Available data:
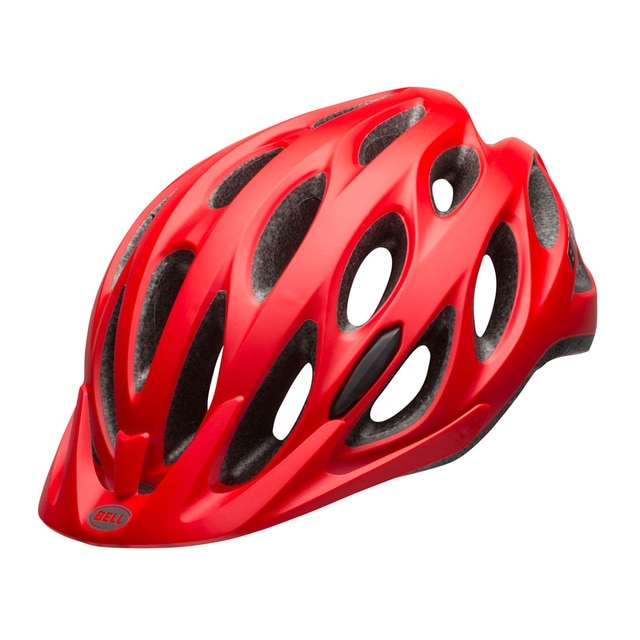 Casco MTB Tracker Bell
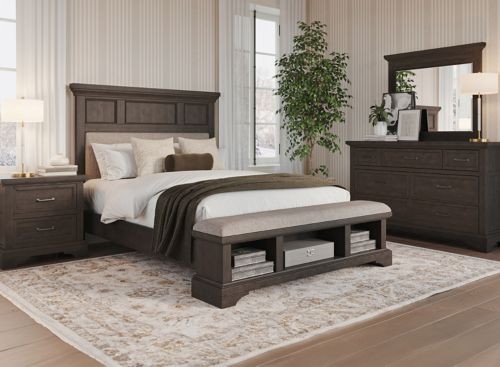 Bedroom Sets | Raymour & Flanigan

* * *

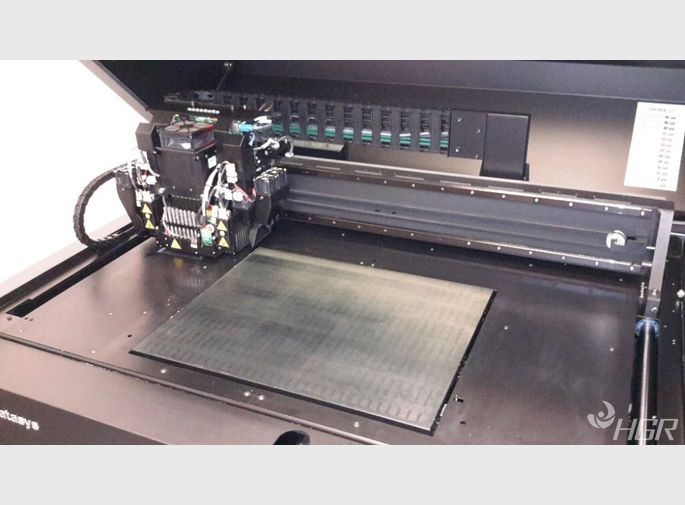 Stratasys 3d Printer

What the exercise asks:
Once the line with "Casco MTB Tracker Bell" is found above, print it and every line after it through the line with "Bedroom Sets | Raymour & Flanigan", exactly. Pictures stay out.

Result for this task:
 Casco MTB Tracker Bell
 Bedroom Sets | Raymour & Flanigan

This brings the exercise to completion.